WORK INSTRUCTION → In the records below, find the line that contains "Orange und hölzerne" and the line that contains "Dark sky with", then retype exactly those two lines and every line between them.

DATA FOR THE TASK →
##############################

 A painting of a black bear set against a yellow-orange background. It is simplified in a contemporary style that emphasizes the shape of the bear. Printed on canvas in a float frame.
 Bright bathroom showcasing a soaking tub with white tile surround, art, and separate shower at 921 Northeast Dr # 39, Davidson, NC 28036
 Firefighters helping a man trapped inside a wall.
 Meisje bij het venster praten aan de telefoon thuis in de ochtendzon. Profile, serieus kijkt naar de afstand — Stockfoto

##############################

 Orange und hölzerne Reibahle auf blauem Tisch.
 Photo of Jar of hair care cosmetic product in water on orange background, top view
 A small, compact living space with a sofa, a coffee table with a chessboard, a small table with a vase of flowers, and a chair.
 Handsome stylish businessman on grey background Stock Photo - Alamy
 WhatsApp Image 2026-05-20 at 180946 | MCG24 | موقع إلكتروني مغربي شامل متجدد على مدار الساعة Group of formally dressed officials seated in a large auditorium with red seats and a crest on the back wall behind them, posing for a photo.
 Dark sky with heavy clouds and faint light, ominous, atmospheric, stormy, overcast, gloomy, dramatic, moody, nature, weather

##############################

EXERCISE RESPONSE →
 Orange und hölzerne Reibahle auf blauem Tisch.
 Photo of Jar of hair care cosmetic product in water on orange background, top view
 A small, compact living space with a sofa, a coffee table with a chessboard, a small table with a vase of flowers, and a chair.
 Handsome stylish businessman on grey background Stock Photo - Alamy
 WhatsApp Image 2026-05-20 at 180946 | MCG24 | موقع إلكتروني مغربي شامل متجدد على مدار الساعة Group of formally dressed officials seated in a large auditorium with red seats and a crest on the back wall behind them, posing for a photo.
 Dark sky with heavy clouds and faint light, ominous, atmospheric, stormy, overcast, gloomy, dramatic, moody, nature, weather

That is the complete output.